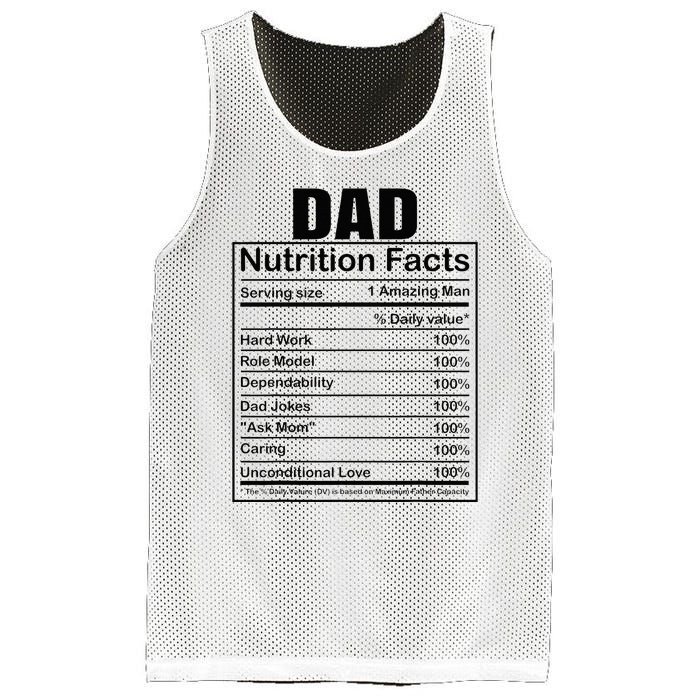 Dad Nutrition Facts Funny Humorous Dad Quote For Fathers Day Mesh Reversible Basketball Jersey Tank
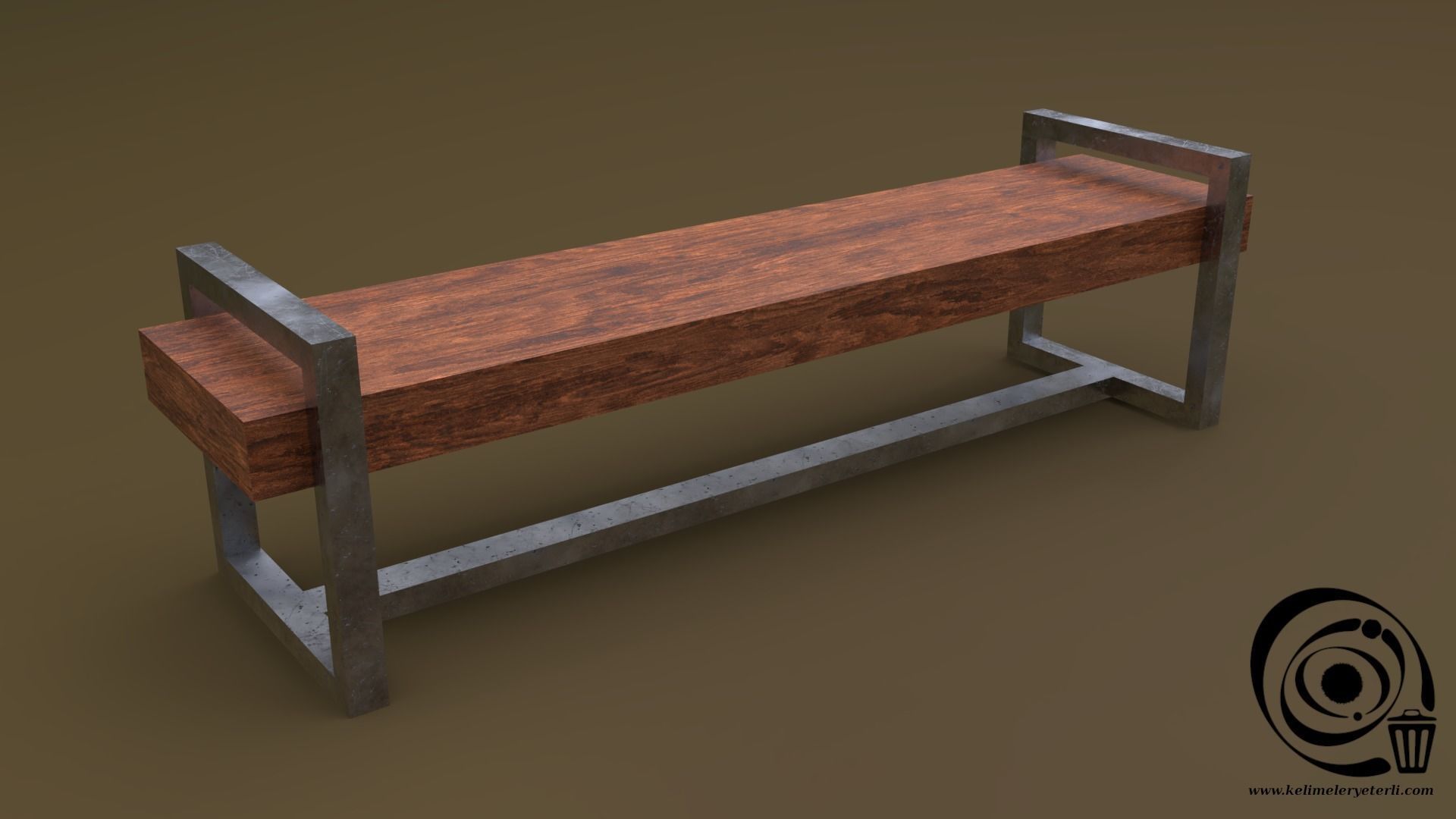 Bench Set 8M1T 03 Low-poly 3D model_5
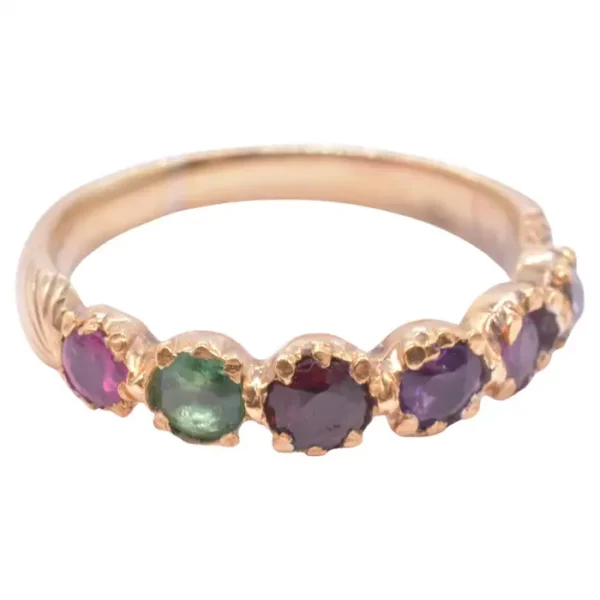 18K Five Stone Victorian Half Hoop REGARD Ring.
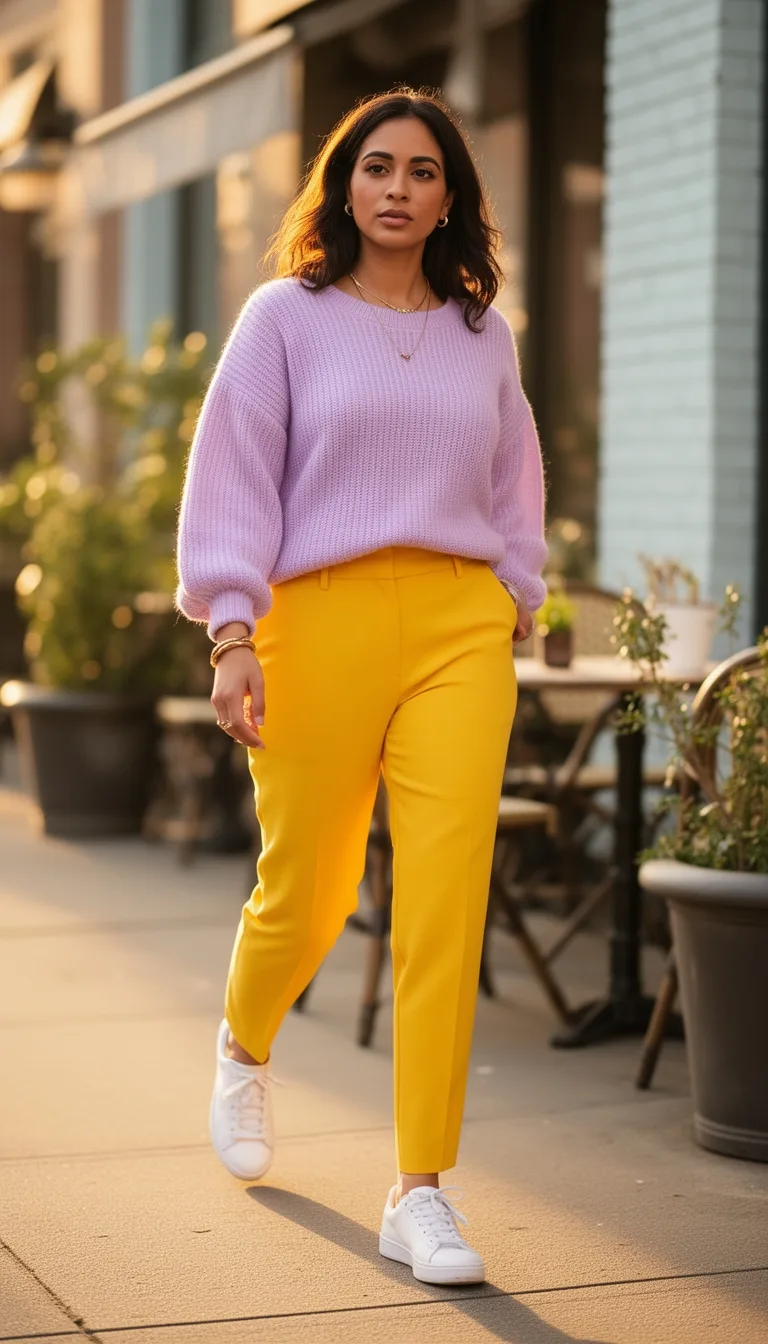 pastel sweater bright trousers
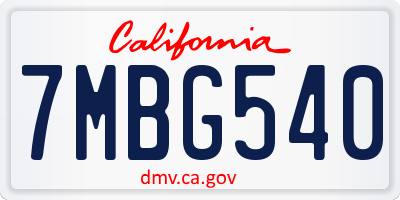 CA license plate 7MBG540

What is expected »
Please print all of the records above exactly, omitting each picture.

Result of this task »
 Dad Nutrition Facts Funny Humorous Dad Quote For Fathers Day Mesh Reversible Basketball Jersey Tank
 Bench Set 8M1T 03 Low-poly 3D model_5
 18K Five Stone Victorian Half Hoop REGARD Ring.
 pastel sweater bright trousers
 CA license plate 7MBG540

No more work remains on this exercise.